# briggs low- no charge--dead battery 16 hp



## junkyjeff (Jun 3, 2009)

I replaced a manual pto clutch with an electric one. Now when the cluth is engaged to mow the battery will lose charge it stays charged if the clutch isnt engaged. I guess my question is are there more than one altenator avalible on a 16 hp briggs and stratton I/C. Any sugestions or help would be greatly appriciated. thanks in advance


----------



## 30yearTech (Sep 14, 2006)

Yes, there are more then one alternators available for most of the larger Briggs engines. You probably have the dual circuit type setup which only puts out an unregulated 2amp charging current. The higher output alternator will also require a different flywheel, you need an output that is greater then the draw of the clutch, most likely at least 9 amp regulated set up.


----------



## junkyjeff (Jun 3, 2009)

THANK YOU for the response.

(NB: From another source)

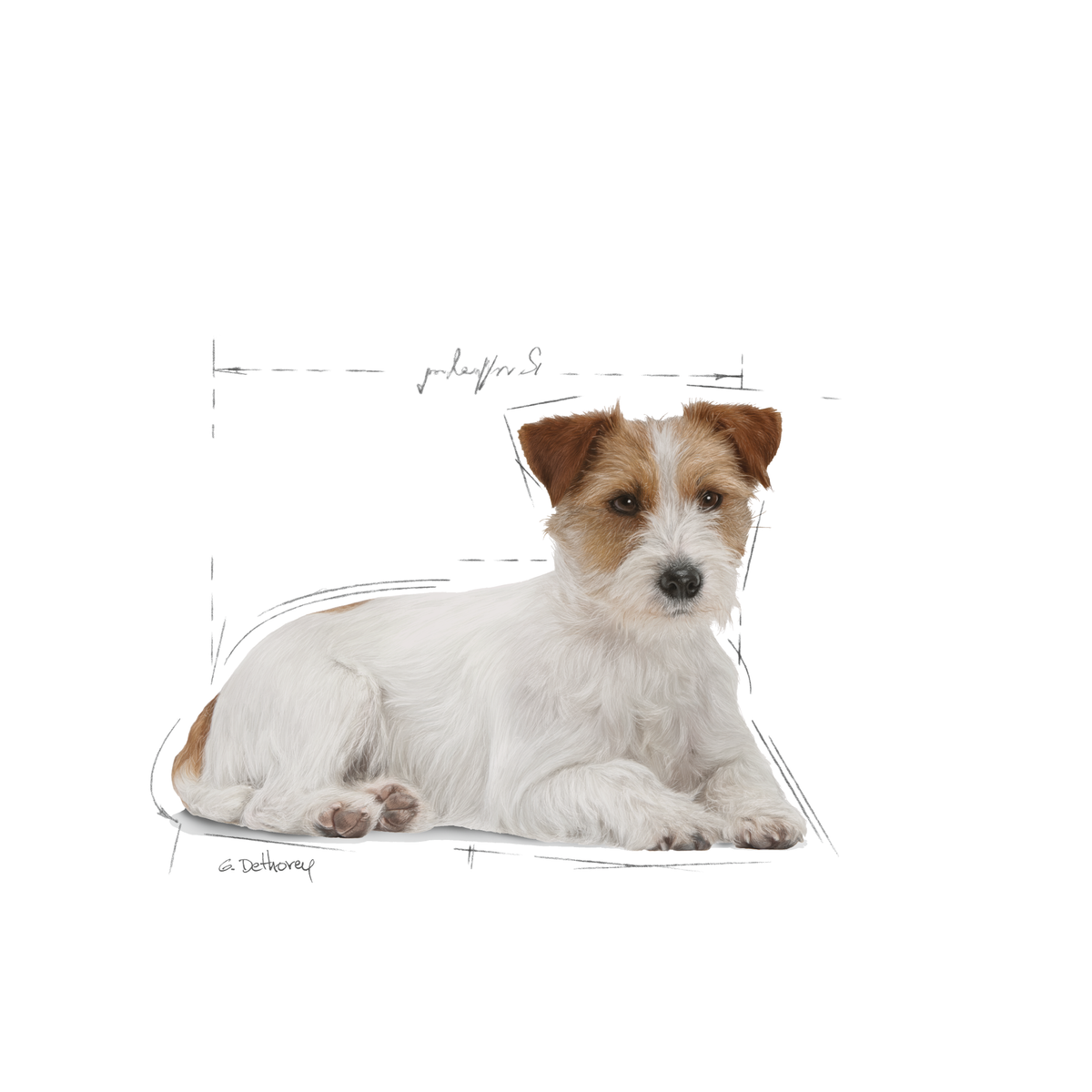 Royal Canin Mini Ageing 12+ dry food for dogs 1,5 kg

It seems like one step foreward two steps back.
Well now I am on a quest for parts. Untill then its going to be mow and charge.
If anyone can steer me in the right direction for those parts. Thanks


----------



## 30yearTech (Sep 14, 2006)

junkyjeff said:


> Well now I am on a quest for parts. If anyone can steer me in the right direction for those parts. Thanks


If you can post the model type and code number from your engine, we can come up with a list of part numbers to get you going.


----------



## junkyjeff (Jun 3, 2009)

it may be a couple of days before i can get those numbers. If you are willing to help I will get the model asap. Once again thank you.


----------



## 30yearTech (Sep 14, 2006)

Once you post the numbers, myself or someone on this forum will gladly help you out. There are many knowledgeable technicians on this site.


----------



## junkyjeff (Jun 3, 2009)

her are some numbers model 402707 124401 9405165a


----------



## 30yearTech (Sep 14, 2006)

(392595) 9 Amp Regulated Alt. -- (491546) Voltage Regulator for 9 Amp system

(393295) 10,13 or 16 Amp (Depending on Flywheel) -- (394890) Regulator

I am pretty sure your flywheel will work for either the 9 amp or 10 amp setup. You will need the alternator and regulator.


----------



## junkyjeff (Jun 3, 2009)

My mom is 78 she insists on doing her lawn but had a hard time lifting the deck to the start position. I found the clutch at auto slavage yard. I thuoght easy solution. Well with youre help I think Ill have mom mowing like a pro. 
I know a little about autos if ever you have auto trouble maybee I can return the help. 
Thank you Jeff


----------